Which freaking witches? She thought as she saw Daniela's sent mail's subject. You're the witch, she told Daniela from here in Mexico all the way to the west boundaries of downtown New Zealand's capital. She, being here, with all the sense of decency that only solitude without her best friend's vacation brought up, and Daniela being there in paradise showing off her being able to send stupid mails.

There was a boy that had been looking at her since a while ago, sitting two tables away from her. The guy chit-chatted, smiled and laughed with a friend of his whose face she couldn't see. The crossing of a glimpse of hers with his definite beholding baffled her at first, but then it came strangely over her just like the fixed gaze of a lover in obviously contained insanity, in such a way that, a little while afterwards, she knew that she herself was feasting her eyes with waves of glimpses over the screen of her laptop.

Daniela's mail was one of those chained things. Poorly written and so commomplace now that internet was so concurred. Everything seemed too annoying and lacking coherence for the friendship level that she and Daniela had managed to grow.
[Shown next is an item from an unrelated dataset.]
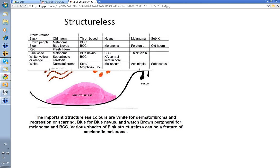The important Structureless colors are white for dermatofibroma — they're easy to see — and also you get a bit of regression and scarring. Blue for a blue nevus because it's so uniform normally. Watch brown peripheral for melanoma and BCC. And then various shades of pink Structureless can be a feature of amelanotic melanoma.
In fact, it was thinking in their friendship that she decided to read it all.

She read a little bit here and then she looked up. He wasn't looking anymore, but his body language was too obvious. He had opened his legs so that she could see deep into his Jamaican bermuda. Blond. Impressive aqua green eyes. His hair seemed to keep a perfect balance with tidiness even though they looked as if they hadn't even been a bit watered for a couple of days. He was shaved, though.

Suddenly, he looked back at her now hiding less and she, stupidly, went back to reading her witchcraft mail. Make a wish, she could read while she scrolled the text. You've got 10 seconds. The stupidest thing was that most of those silly chained mails even had a countdown from 10 to 1 so that the readers would concentrate in whatever they wished for.